> WORK INSTRUCTION
Would you restate all of the entries verbatim, minus any images?

> RECORDS FOR THE TASK

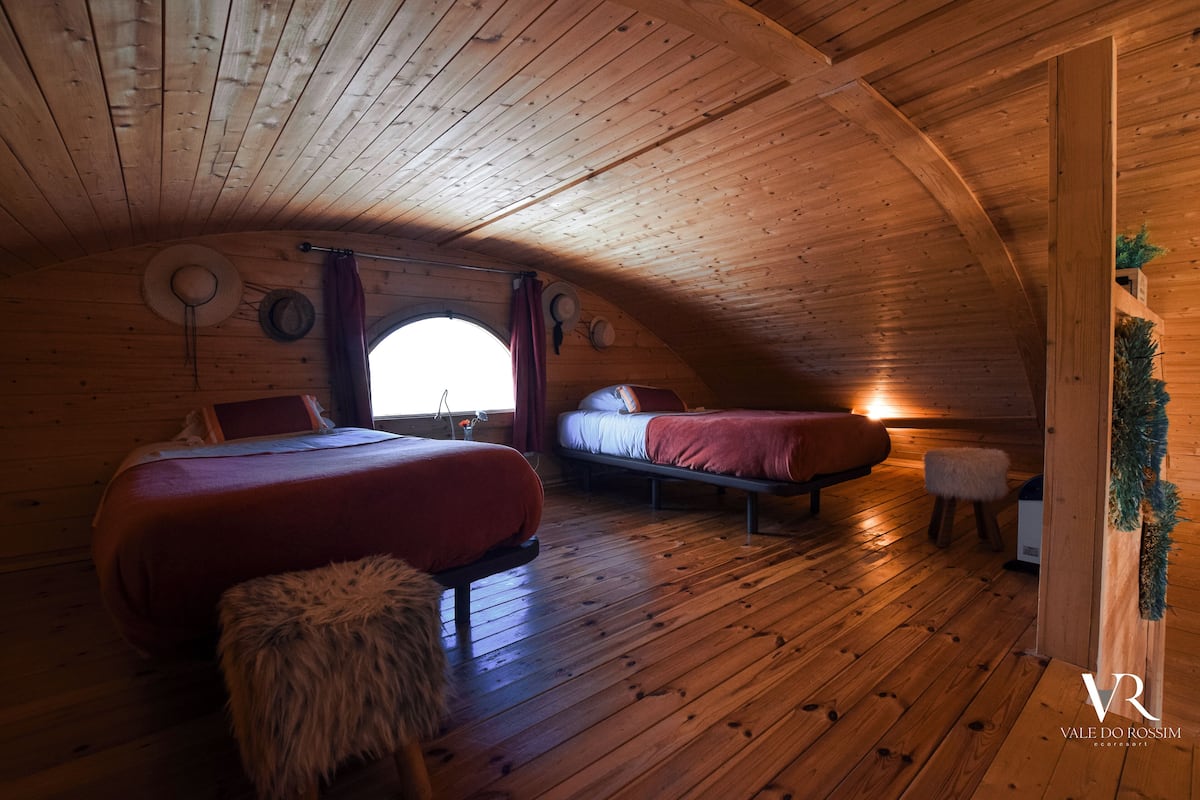 Bungalow clásico | Escritorio, espacio para trabajar con laptop y wifi gratis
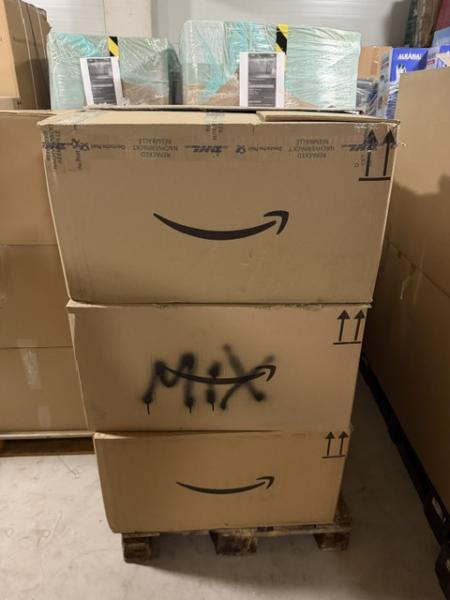  AMAZON MIXBOX HAUHALTSARTIKEL AUS JEDEM BEREICH MIXPALETTE RETOURWARE MISCHPALETTE 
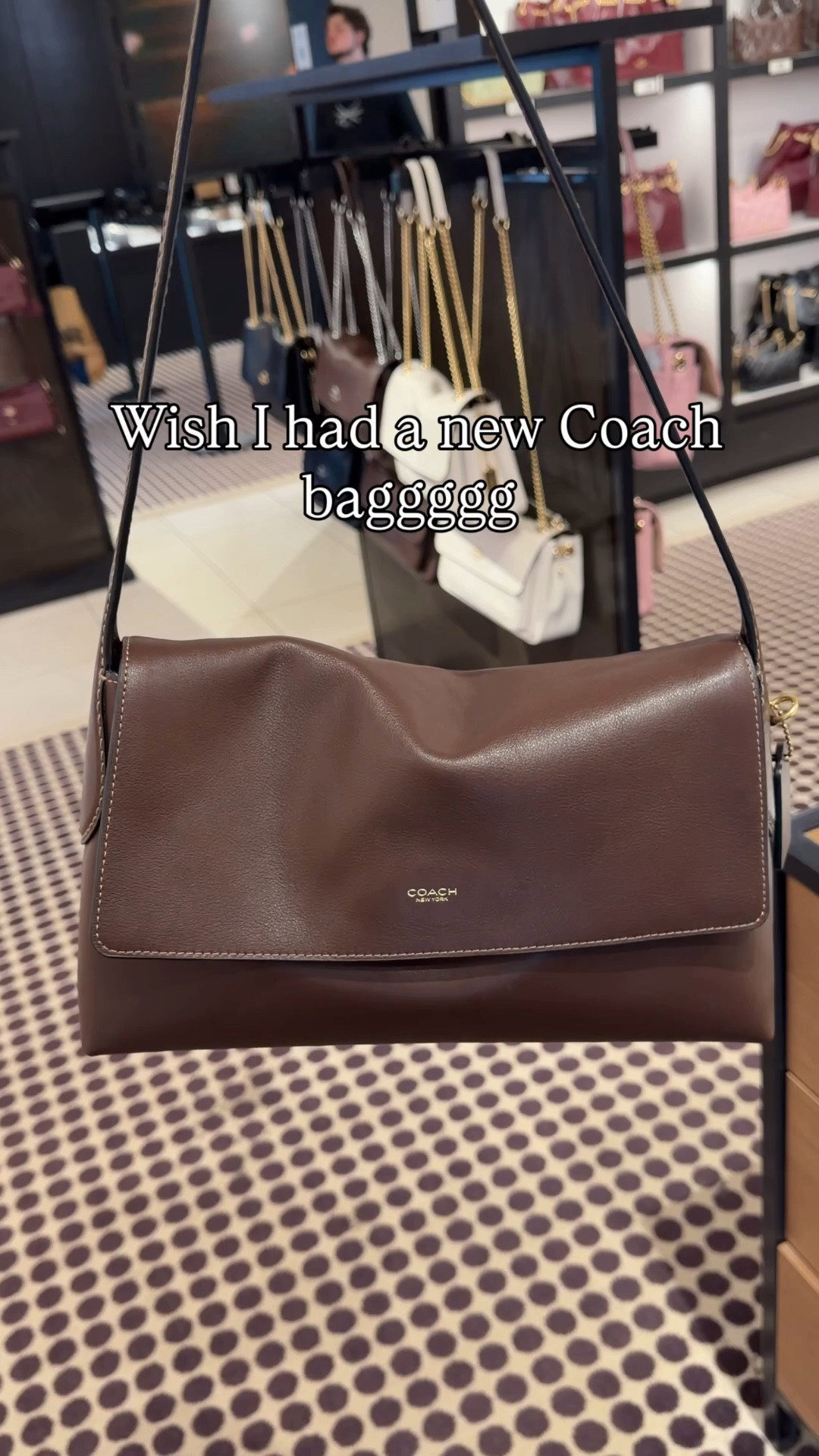 I wish I had a new Coach baaaaaag
👜

Coach Chelsea 
Coach outlet station tote
Coach bags 

#LTKMothersDay #LTKdayinmylife #LTKootd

> TASK ANSWER
 Bungalow clásico | Escritorio, espacio para trabajar con laptop y wifi gratis
  AMAZON MIXBOX HAUHALTSARTIKEL AUS JEDEM BEREICH MIXPALETTE RETOURWARE MISCHPALETTE 
 I wish I had a new Coach baaaaaag
👜

Coach Chelsea 
Coach outlet station tote
Coach bags 

#LTKMothersDay #LTKdayinmylife #LTKootd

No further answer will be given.